According to the content of the response, confirm the VNFC instance ID
of the CNF in which the problem occurred.
The following is an example of a response to a get alarms request:
.. code-block:: json
[
{
"id": "78a39661-60a8-4824-b989-88c1b0c3534a",
"managedObjectId": "c61314d0-f583-4ab3-a457-46426bce02d3",
"vnfcInstanceIds": [
"VDU2-curry-probe-test001-766bdd79bf-wgc7m"
],
"alarmRaisedTime": "2021-09-03 10:21:03",
"alarmChangedTime": "",
"alarmClearedTime": "",
"alarmAcknowledgedTime": "",
"ackState": "UNACKNOWLEDGED",
"perceivedSeverity": "WARNING",
"eventTime": "2021-09-03 10:06:03",
"eventType": "EQUIPMENT_ALARM",
"faultType": "",
"probableCause": "The server cannot be connected.",
"isRootCause": "false",
"correlatedAlarmIds": [],
"faultDetails": [],
"_links": {
"self": "/vnffm/v1/alarms/78a39661-60a8-4824-b989-88c1b0c3534a",
"objectInstance": ""
}
}
]
.. note::
The value of ``managedObjectId`` is the VNF instance ID.

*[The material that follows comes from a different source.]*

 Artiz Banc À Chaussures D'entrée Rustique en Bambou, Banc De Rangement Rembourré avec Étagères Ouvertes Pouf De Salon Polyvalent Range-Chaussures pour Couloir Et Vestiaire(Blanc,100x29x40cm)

The value of ``vnfcInstanceIds`` is the VNFC instance IDs.
Then send a heal request specifying the VNFC instance ID to Tacker.
The format of the heal request can refer to `heal request`_.
.. _Notification Mode :
Notification Mode
^^^^^^^^^^^^^^^^^
This mode is that NFVO will create a FM subscription on Tacker.
In this FM subscription, multiple filter conditions can be set, so that
the VNF instance that has been instantiated in Tacker can be matched.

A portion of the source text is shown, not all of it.